DM vs. PhD vs. DBA Overview | Weatherhead

DM vs. PhD vs. DBA Overview

What is the difference between professional doctorate degrees such as the DM, DBA and PhD degree? Which one should you pursue for your desired career path? Can you still work while pursuing a degree and what kind of work can you seek after finishing a degree? We hear your questions, and we are here to help.

Multiple doctoral degrees in business management are available, which all intend to integrate relevance and rigor in their academic and teaching missions. Three such degrees are the Doctor of Management (DM) degree offered by the Weatherhead School of Management, the Doctor of Business Administration (DBA) degree offered by many business schools around the country and the PhD in Management: Designing Sustainable Systems (PhD: DSS) offered by the Weatherhead School of Management. Each of these degrees focus on applying evidence based research to solving real world problems.  The DM and DBA focus more on practical outcomes and implications of research (practitioner-scholar) while the PhD: DSS focuses more on academic or scholarly outcomes (scholar-practitioner).

One way to characterize these professional doctorate degrees and how they differ from a “traditional” academic PhD degree is the following:

  • The DM practitioner-scholar looks to make a contribution by applying or developing focal theory; the traditional PhD scholar seeks to make a contribution with generalized theory;
  • The DM practitioner-scholar is a problem solver; the traditional PhD  scholar is a theory developer;
  • The DM practitioner-scholar asks how do I get over this hurdle?  While the traditional PhD scholar asks, how do I understand and explain this hurdle better?  
  • The DM practitioner-scholar draws upon integrative education; the traditional PhD scholar draws upon highly specialized disciplinary education. 

Career options for the practitioner-focused degrees allow the graduate to consider opportunities for new and expanded responsibilities in their organizations, or use their new skill set as consultants, or for transitioning into academic settings to teach either full- or part-time while conducting practitioner focused research. Each of the three degrees have unique aspects to consider.

The DM Degree

The DM degree was established at Case Western Reserve University in the Weatherhead School of Management in 1995 as the first practitioner-scholar degree in management schools that combined relevance of real world issues with the rigor of scholarly methods and theories to produce evidence-based explanations to problems of practice. To accomplish this goal the curriculum balances content classes in business management, including leadership, ethics, innovation, sustainability, and strategy with an equal emphasis on mixing qualitative and quantitative research methods to understand and explain real world problems. DM graduates have successfully anchored their careers in practice and / or teaching in all fields and disciplines of management that focus on advancing the use of research methods and theory in understanding and shaping practical business problems. About 70% of the DM graduates have some affiliation to academic institutions and research and teaching.

The DBA Degree

A Doctor of Business Administration Degree (DBA) degree (sometimes also called Executive DBA) is comparable to a DM Degree. DBA curricula often emphasize more on business applications and functional disciplines and may have less of a focus on teaching rigorous research methods. 

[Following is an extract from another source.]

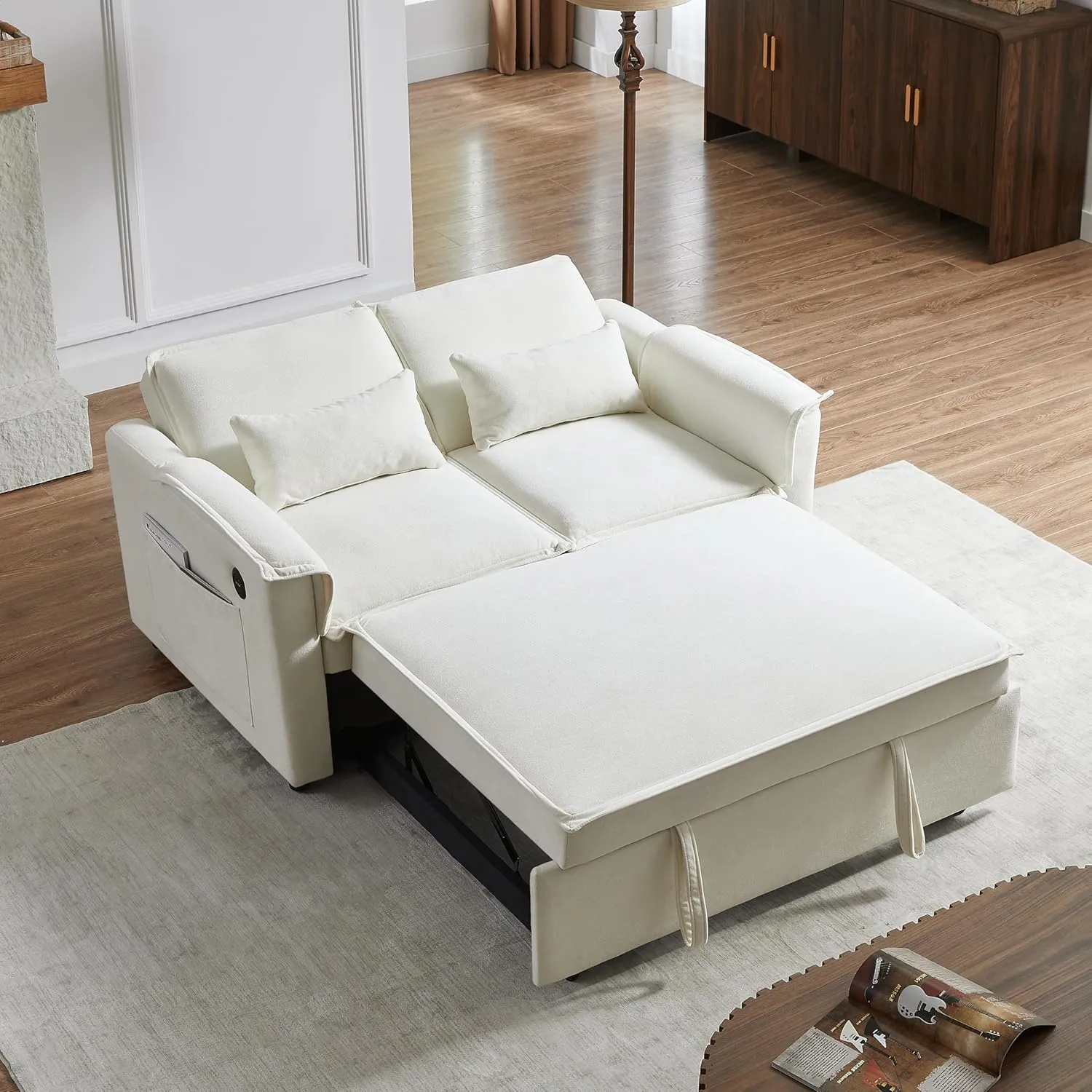 ERYE 3 in 1 Convertible Sofabed Modern Loveseat Sofa Convertible Pull Out Sleeper Couch Bed W/Padded Armrests,USB Ports and Pockets, Twin Size Boucle Upholstered Sleeper Sofa Bed for Living Room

However, both the DM and the DBA are designed for experienced working professionals who desire to influence the future of business management as leaders in organizations, consultants and professors, while continuing to work and go to school full time.

The primary outcome of both of the DM and DBA degrees is practitioner-scholarship. Such scholarship is driven by identifying problems of practice; i.e., problematizing everyday recurring issues in organizations, and producing through systematic application of research methods evidence and research knowledge that contributes to solving these problems. The DM and DBA degrees are typically three-year residency based programs requiring 10-15 years of business management experience. The number and length of the residencies and the level of on-line elements in the programs vary significantly.

The PhD in Management: Designing Sustainable Systems

The PhD in Management option in the DM programs at Weatherhead is a degree program offered as an option for qualified DM students who want to further the theoretical impact of their research while connecting their research to practice. This degree option has additional research requirements and it takes a minimum of a year to conduct the necessary research for the PhD in Management: DSS degree. The option is meant for DM students who have strong interest in advancing quality academic research around real world problems. The PhD: DSS graduates are expected to make significant contributions toward academic scholarship in a specific field or discipline in ways that have significant implications to practice. Due to this dual focus, the PhD in Management: Designing Sustainable Systems students are often referred to as scholar-practitioners.  The PhD: DSS option prepares graduates for academic teaching and research careers and offers strong opportunities for research based management consulting.

The DM Programs – both DM and the PhD in Management: DSS – are steadfast in the focus of recruiting and training well-accomplished practitioners to undertake thoughtful, rigorous research that has a high degree of relevance.